## ACTIVITY:
In the data below, set down exactly the lines from the one containing "Retired Anthropologie Copper" up to and including the one containing "Mexico Graduation Sash". Leave the pictures out.

[DATASET Boundary: Start]

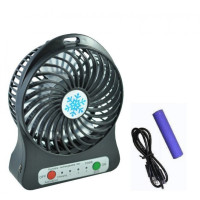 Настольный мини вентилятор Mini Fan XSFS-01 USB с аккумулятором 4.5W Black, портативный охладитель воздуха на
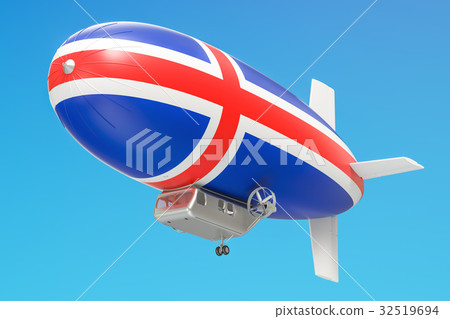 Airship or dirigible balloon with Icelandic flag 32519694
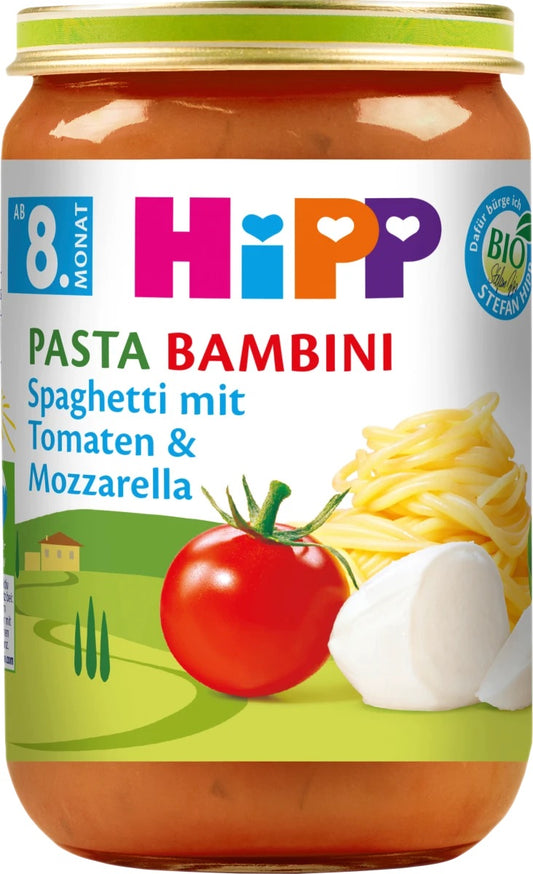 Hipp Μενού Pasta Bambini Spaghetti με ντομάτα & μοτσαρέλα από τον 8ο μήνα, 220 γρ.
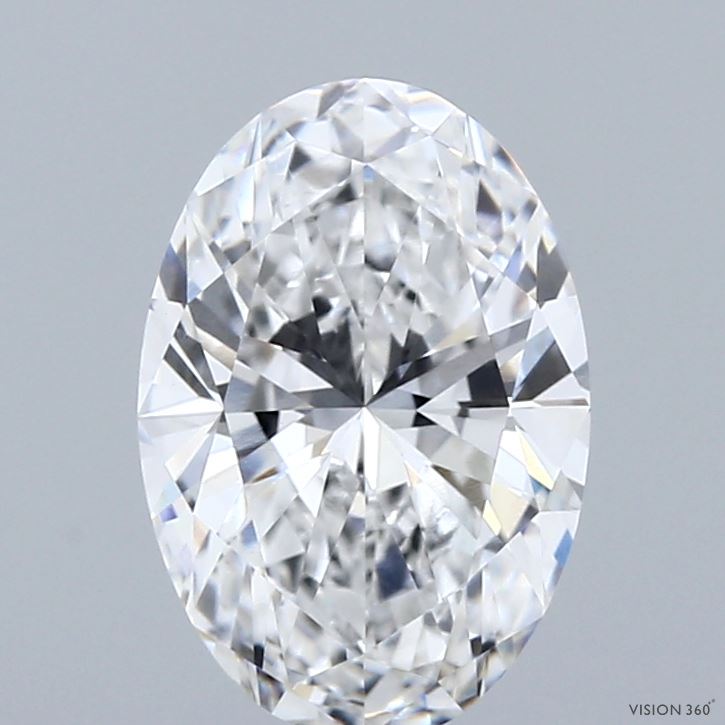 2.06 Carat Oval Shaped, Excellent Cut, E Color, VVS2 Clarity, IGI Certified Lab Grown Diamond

[DATASET Boundary: End]
[DATASET Boundary: Start]

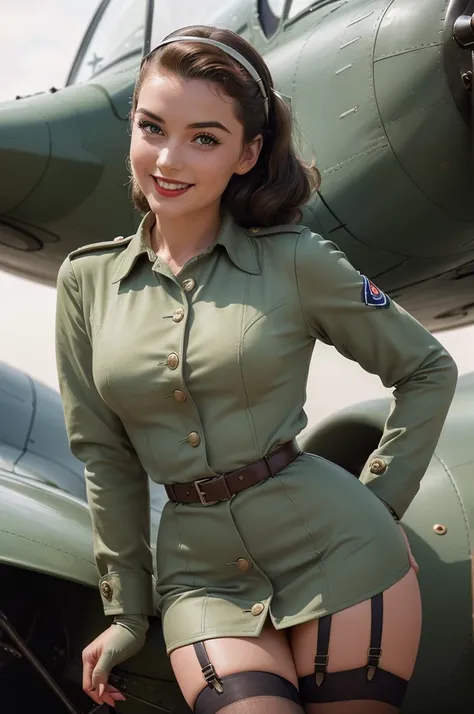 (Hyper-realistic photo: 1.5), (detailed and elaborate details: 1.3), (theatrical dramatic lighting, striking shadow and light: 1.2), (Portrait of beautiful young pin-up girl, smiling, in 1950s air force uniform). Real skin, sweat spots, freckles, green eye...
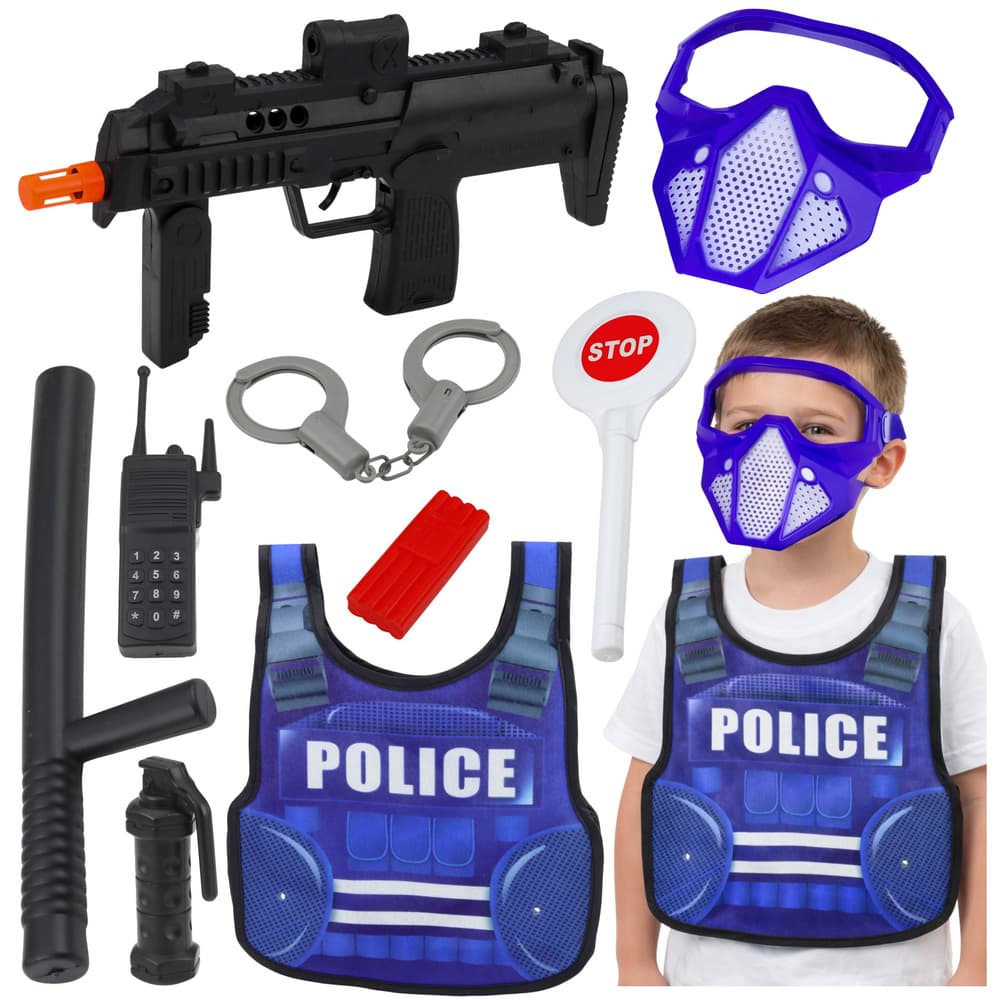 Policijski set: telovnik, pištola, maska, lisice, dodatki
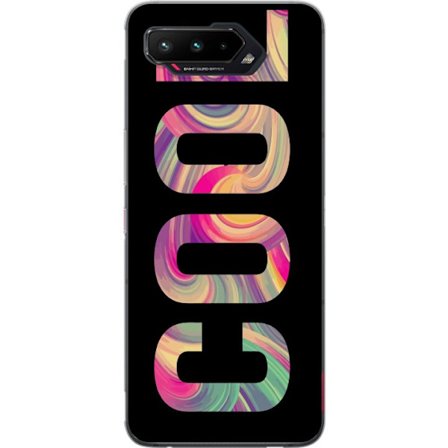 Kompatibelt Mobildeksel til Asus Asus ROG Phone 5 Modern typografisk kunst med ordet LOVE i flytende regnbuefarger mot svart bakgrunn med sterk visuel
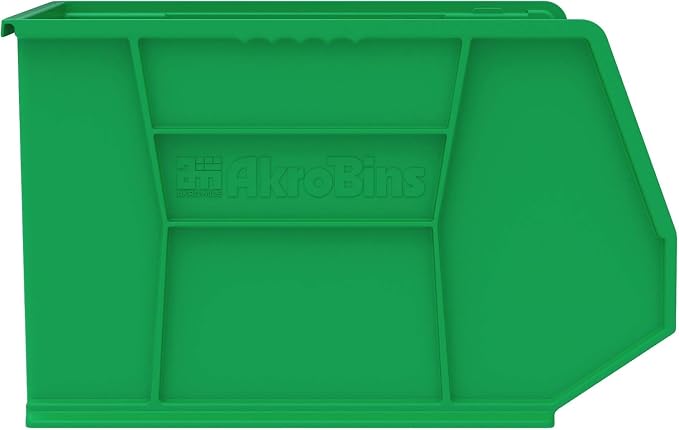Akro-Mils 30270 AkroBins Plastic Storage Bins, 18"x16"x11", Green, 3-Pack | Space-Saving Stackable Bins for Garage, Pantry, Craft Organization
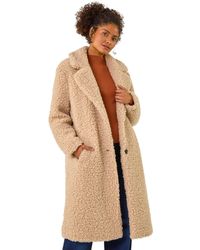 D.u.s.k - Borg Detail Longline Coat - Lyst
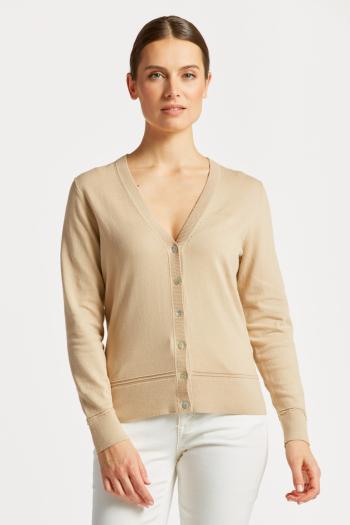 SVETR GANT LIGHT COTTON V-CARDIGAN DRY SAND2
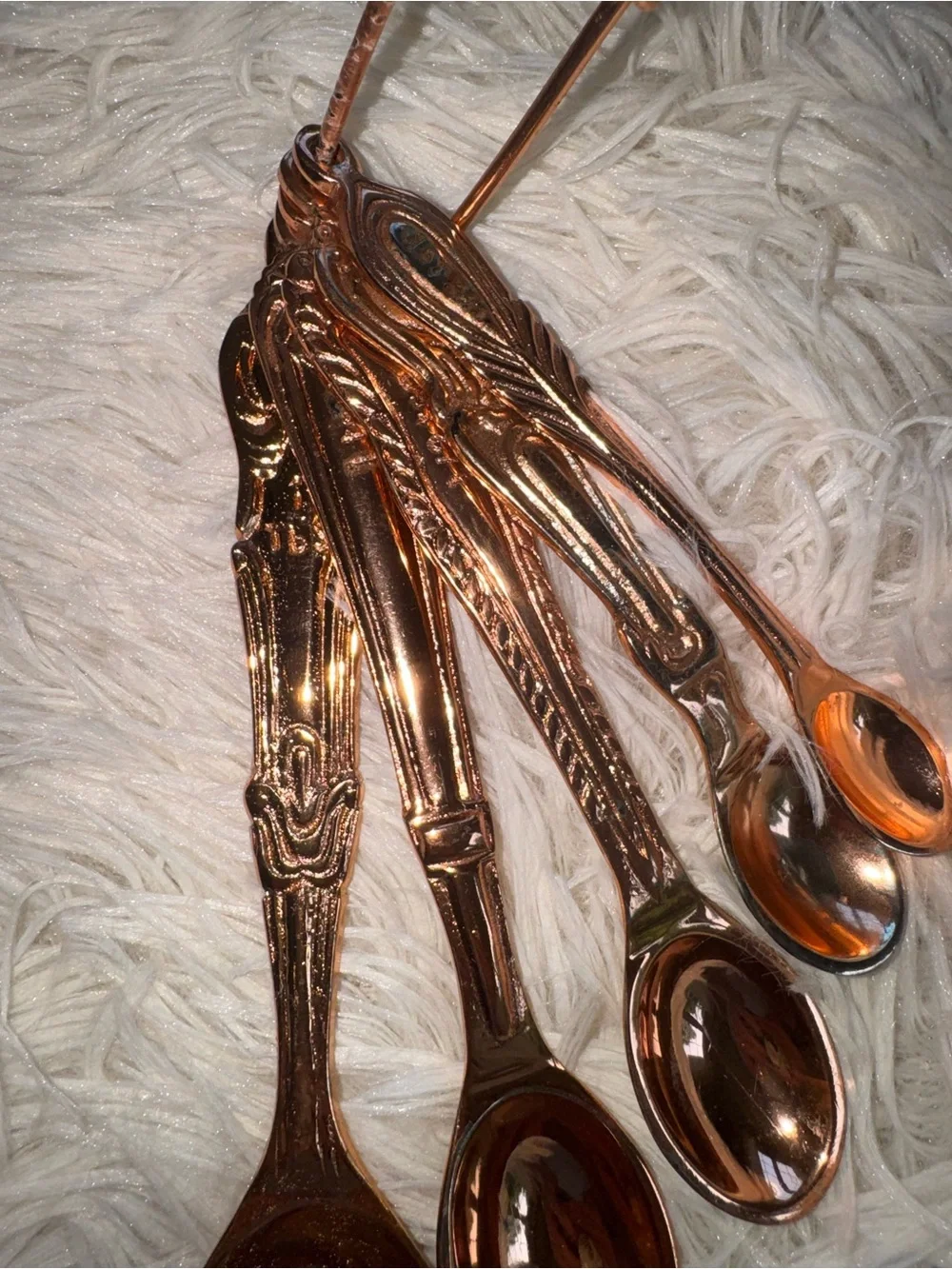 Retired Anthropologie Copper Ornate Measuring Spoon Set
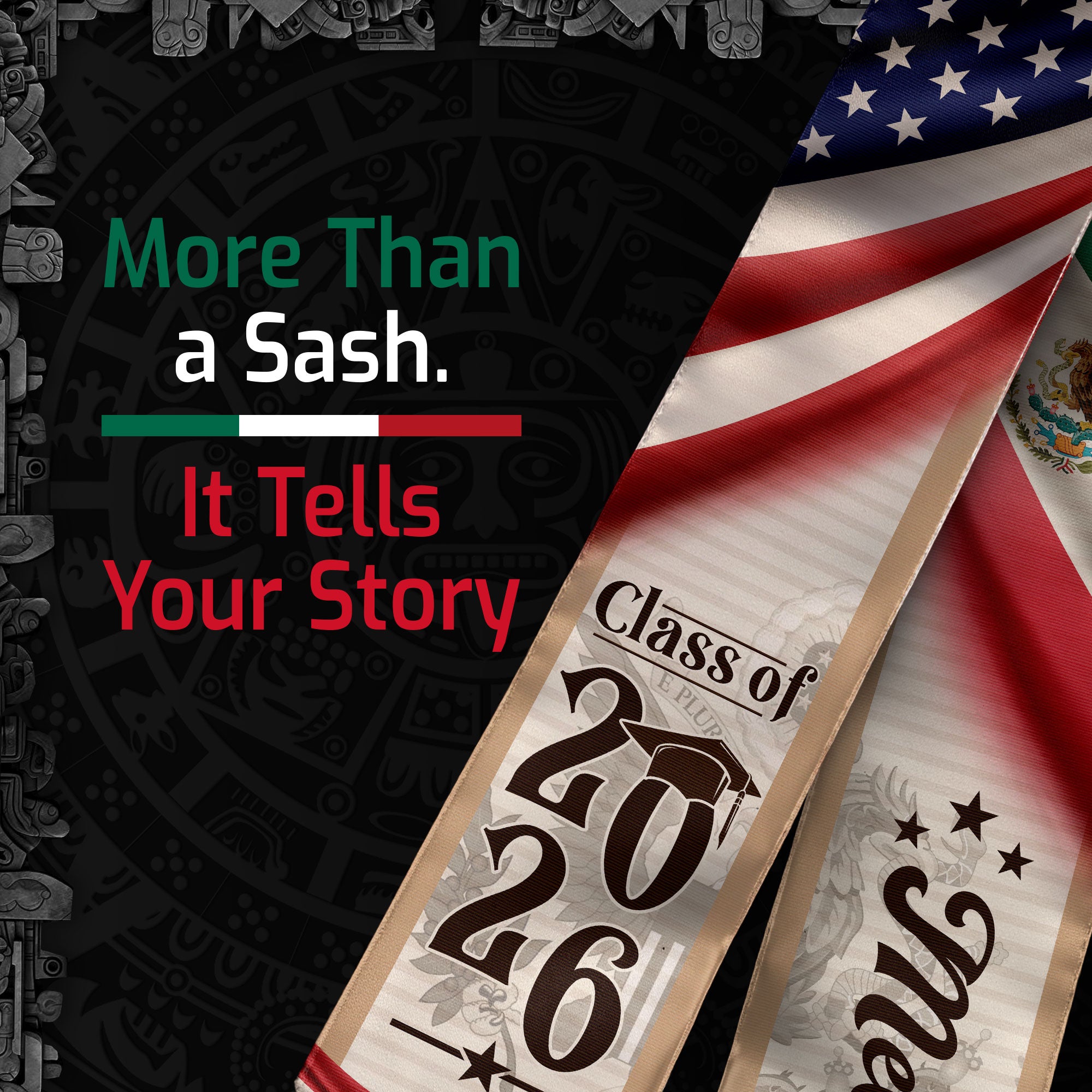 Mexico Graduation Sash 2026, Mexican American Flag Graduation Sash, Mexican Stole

[DATASET Boundary: End]
[DATASET Boundary: Start]

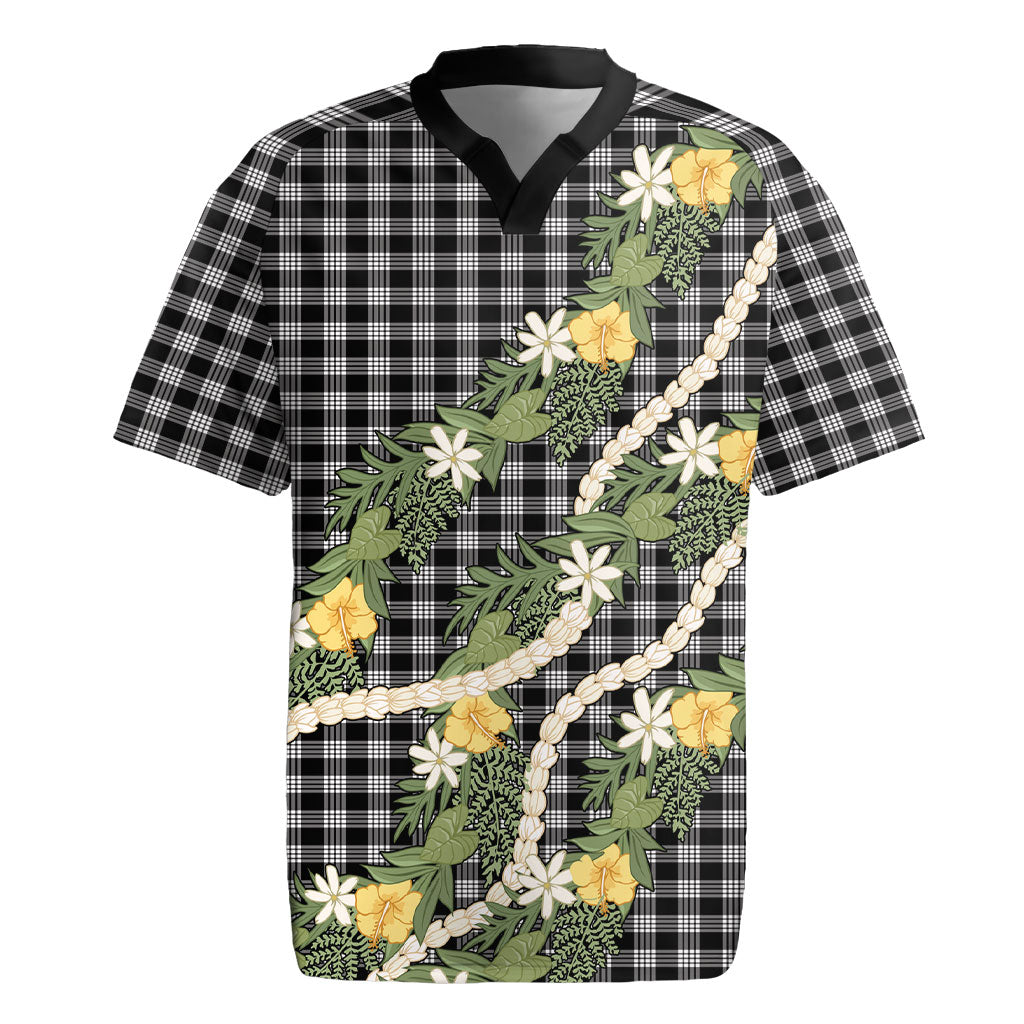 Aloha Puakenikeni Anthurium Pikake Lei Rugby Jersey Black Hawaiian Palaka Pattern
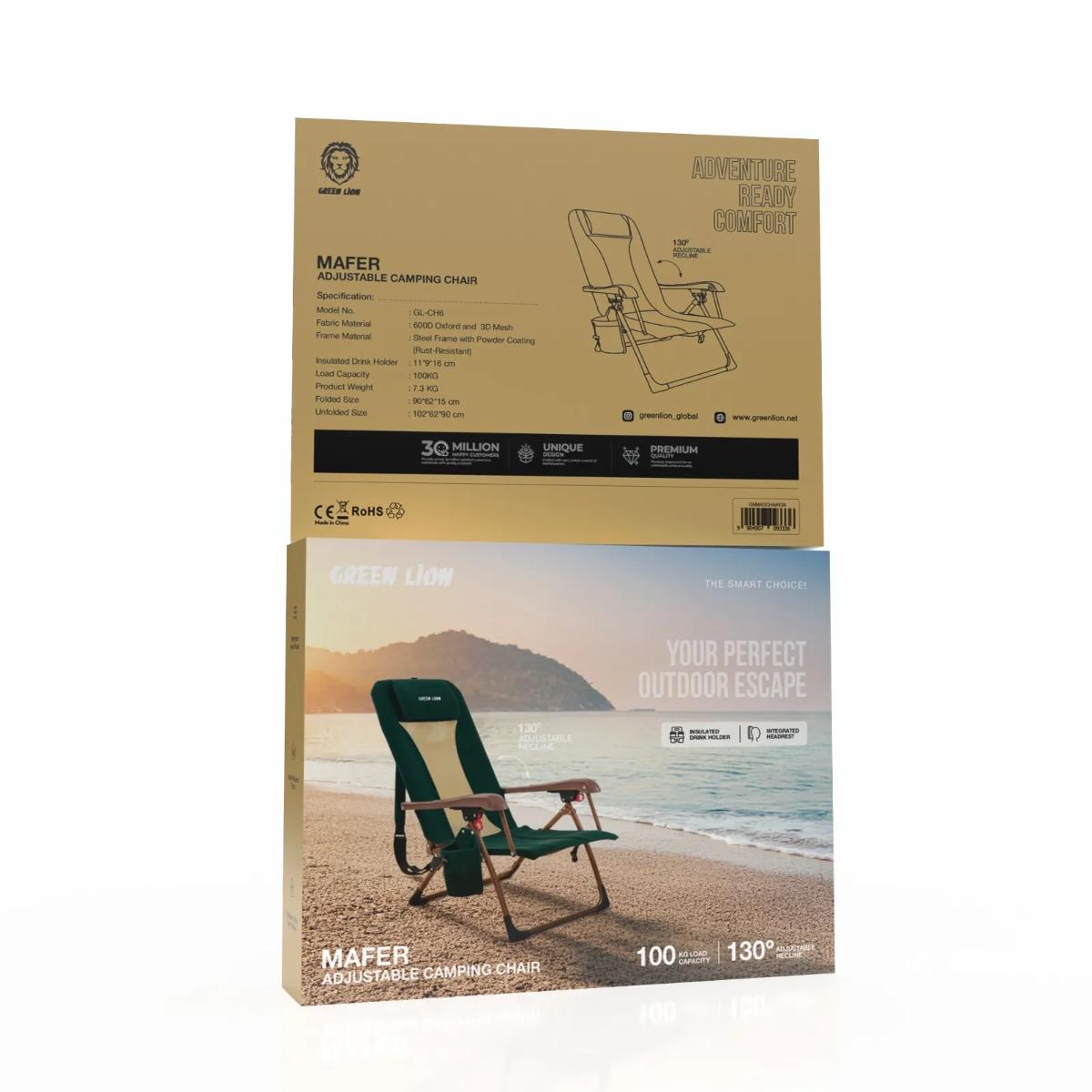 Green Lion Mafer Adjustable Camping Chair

[DATASET Boundary: End]

## OUTPUT:
 Retired Anthropologie Copper Ornate Measuring Spoon Set
 Mexico Graduation Sash 2026, Mexican American Flag Graduation Sash, Mexican Stole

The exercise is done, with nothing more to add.